Das blöde war nur: Ich musste am nächsten Tag noch mein Fahrrad abholen. 09.48 Uhr guckte ich auf die Uhr meines Handys. Das war fiel zu früh für mich. Müde drehte ich mich nochmal um. Das zweite mal guckte ich 10.02 Uhr auf mein Handy. Verschlafen setzte ich mich auf und stand dann auf. Ich machte mir einen zerzausten Dutt und ging in die Küche. Eigentlich aßen wir alle immer zusammen Frühstück, aber Papa und Lena waren schon fertig. Jetzt erst realisierte ich, dass Mutter nicht so schnell wieder kommt. Ich nahm mir ein Brötchen und ein Bett und setzte mich auf meinen Platz. Eigentlich hatte ich gar keinen Hunger wegen der ganzen Sache, aß aber trotzdem eine Hälfte meines schon aufgeschnittenen Brötchens. Danach ging ich wieder hoch in mein Zimmer, wo ich mich fertig machte. Ich ging duschen, zog mich an und machte meine Haare. Ich lockte sie ein wenig, ließ sie aber offen.
Anschließend ging ich wieder nach unten und suchte Papa. "Kannst du mich schnell zum Circus fahren? Ich muss noch mein Fahrrad holen." Er willigte ein und fuhr mich zum Circus. "Danke" Sagte ich wärend ich die Autotür wieder schloss.

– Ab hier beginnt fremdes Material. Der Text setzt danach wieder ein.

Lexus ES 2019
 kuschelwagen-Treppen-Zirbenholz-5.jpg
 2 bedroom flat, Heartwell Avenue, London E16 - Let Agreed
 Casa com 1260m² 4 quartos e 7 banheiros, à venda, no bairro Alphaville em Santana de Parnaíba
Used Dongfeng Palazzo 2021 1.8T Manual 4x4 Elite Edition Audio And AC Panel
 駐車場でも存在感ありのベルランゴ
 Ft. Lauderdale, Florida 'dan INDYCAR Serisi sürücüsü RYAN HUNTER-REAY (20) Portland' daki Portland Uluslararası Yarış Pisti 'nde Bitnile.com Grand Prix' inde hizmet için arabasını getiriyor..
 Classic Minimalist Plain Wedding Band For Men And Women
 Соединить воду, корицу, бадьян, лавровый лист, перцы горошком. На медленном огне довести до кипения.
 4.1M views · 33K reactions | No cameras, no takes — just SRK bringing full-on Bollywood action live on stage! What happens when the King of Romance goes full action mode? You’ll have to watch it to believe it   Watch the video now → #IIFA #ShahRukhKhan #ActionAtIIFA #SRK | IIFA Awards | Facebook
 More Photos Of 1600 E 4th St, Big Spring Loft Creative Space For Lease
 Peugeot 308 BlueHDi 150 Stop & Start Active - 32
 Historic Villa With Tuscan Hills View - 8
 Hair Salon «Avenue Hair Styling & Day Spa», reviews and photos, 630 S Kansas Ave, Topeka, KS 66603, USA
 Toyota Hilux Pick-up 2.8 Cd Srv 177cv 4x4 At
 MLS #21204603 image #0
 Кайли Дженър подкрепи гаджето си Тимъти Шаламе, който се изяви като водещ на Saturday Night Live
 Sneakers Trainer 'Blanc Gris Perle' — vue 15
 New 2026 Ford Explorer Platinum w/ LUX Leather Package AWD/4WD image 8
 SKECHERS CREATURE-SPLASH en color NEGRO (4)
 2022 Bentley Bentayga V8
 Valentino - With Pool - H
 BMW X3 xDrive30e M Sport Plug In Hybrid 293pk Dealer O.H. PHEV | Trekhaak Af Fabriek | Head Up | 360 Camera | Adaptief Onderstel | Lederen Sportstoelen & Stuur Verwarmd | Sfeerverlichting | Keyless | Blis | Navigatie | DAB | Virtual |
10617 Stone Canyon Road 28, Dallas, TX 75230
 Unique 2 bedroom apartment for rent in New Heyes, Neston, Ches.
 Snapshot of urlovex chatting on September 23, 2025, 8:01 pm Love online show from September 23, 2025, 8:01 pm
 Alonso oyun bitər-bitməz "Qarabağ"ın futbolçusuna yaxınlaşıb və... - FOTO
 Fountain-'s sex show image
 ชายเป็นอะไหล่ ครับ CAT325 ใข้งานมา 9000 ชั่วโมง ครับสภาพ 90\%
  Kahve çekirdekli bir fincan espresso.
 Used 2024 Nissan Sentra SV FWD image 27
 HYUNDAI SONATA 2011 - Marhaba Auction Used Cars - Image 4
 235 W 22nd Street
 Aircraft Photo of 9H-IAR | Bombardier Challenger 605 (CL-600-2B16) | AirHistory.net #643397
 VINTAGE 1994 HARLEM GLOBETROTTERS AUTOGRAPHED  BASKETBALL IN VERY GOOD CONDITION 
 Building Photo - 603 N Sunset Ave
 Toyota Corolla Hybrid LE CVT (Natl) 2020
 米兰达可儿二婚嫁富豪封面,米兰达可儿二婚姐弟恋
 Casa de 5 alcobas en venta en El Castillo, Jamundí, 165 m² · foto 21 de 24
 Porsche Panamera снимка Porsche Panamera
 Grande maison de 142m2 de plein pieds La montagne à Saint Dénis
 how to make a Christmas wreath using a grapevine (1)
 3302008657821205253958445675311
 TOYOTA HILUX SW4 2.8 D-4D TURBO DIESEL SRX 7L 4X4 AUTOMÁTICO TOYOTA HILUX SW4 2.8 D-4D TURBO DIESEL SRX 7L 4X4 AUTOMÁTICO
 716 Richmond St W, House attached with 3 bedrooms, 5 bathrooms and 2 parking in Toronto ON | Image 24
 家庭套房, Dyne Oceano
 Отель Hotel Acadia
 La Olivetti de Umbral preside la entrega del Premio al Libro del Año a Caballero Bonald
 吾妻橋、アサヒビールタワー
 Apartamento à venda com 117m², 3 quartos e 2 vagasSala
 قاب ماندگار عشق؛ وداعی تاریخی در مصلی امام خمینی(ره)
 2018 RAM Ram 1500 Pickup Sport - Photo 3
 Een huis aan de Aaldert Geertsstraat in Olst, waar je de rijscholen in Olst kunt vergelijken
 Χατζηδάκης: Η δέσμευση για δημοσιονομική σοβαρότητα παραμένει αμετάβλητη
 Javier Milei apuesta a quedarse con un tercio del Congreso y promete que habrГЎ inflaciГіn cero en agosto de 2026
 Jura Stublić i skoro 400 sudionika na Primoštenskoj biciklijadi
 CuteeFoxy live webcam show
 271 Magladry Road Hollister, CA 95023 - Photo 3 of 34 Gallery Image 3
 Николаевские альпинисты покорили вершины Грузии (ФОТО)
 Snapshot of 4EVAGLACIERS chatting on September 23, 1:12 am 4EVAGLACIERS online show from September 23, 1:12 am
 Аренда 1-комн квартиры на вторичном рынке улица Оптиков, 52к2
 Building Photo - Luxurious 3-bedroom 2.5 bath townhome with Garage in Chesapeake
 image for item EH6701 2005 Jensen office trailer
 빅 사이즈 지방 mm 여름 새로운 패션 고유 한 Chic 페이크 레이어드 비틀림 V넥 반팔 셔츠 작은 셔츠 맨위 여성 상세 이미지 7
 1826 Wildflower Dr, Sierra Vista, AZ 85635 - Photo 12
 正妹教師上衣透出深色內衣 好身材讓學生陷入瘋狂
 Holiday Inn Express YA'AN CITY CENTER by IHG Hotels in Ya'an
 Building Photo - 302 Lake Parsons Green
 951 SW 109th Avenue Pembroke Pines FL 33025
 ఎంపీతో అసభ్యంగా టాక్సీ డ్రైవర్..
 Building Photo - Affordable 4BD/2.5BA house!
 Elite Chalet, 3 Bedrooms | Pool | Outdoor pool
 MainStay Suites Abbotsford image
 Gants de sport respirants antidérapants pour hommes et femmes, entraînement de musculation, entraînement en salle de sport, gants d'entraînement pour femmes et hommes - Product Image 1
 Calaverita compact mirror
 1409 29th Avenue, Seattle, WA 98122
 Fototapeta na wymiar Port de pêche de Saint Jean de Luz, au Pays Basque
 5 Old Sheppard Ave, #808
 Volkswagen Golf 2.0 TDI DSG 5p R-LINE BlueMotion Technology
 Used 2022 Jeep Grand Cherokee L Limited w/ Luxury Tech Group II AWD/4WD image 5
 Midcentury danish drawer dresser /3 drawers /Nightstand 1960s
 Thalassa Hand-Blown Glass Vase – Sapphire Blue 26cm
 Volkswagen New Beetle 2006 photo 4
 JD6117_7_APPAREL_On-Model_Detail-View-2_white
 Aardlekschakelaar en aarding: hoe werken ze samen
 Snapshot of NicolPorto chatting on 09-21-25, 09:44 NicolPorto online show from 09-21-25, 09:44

Ich ging dahin wo ich es vermutete, an der Stelle wo ich es abgelegt habe. Erschrocken stellte ich fest, das es nicht mehr da war. Sie haben es bestimmt rein gebracht. Ein bisschen genervt ging ich in das Vorzelt, doch keine sterbens Seele war hier. Aus dem Hauptzelt hörte ich Musik. Na toll. Sie proben und ich muss da jetzt rein. Ich nahm all' meinen Mut zusammen und ging rein. Der Clown guckte mich verwirrt an. "Äh. Entschuldigung ich wollte nur mei..." weiter kam ich nicht, denn der Clown meine mich unterbrechen zu müssen. "Du kommst mir gerade recht. Komm her. Und hier liebes Publikum haben wir ein hübsches Mädchen." Er kam zu mir und hielt mir seine Hand hin. Ich gab ihm auch meine und wir gingen in die Manege. "So und jetzt brauchen wir noch einen jungen Mann." Er guckte in die Runde. Natürlich war dort keiner. Doch der Clown guckte auch an den Rand der Tribüne, wo ich nicht hinguckte. Er drehte sich nach links und zeigte auf jemanden. "Erik! Komm her." Erik saß an der Seite und sah sich anscheinend die Probe an. Überrascht guckte ich zu ihm rüber. Er stand zögerlich auf und kam rüber gejoggt. "Ich wollte eigentlich nur" Fing ich wieder an. "Genies es. Wer möchte nicht gerne mit so einem Mann tanzen." "Tanzen?!" Fragte ich erschrocken. "Ja. Wer möchte nicht mit mir tanzen." Erik musterte mich von oben nach unten. "Du kommst mal her." Der Clown zeigte auf mich. Zögerlich ging ich zu ihm rüber. Jetzt ging der Clown drei Meter weiter und zeigte auf Erik. Erik lief zu ihm. Wir standen uns gegenüber, guckten uns aber nicht an. "Ihr drehte euch, wenn die Musik an geht, zueinander und lauft ganz verliebt auf einander zu. Sobald jemand dazwischen kommt tanzt ihr mit einander. Ok?" Sagte der Clown. Zuerst guckte er Erik an. Er nickte. Dann guckte er mich an. Ich nickte zögerlich.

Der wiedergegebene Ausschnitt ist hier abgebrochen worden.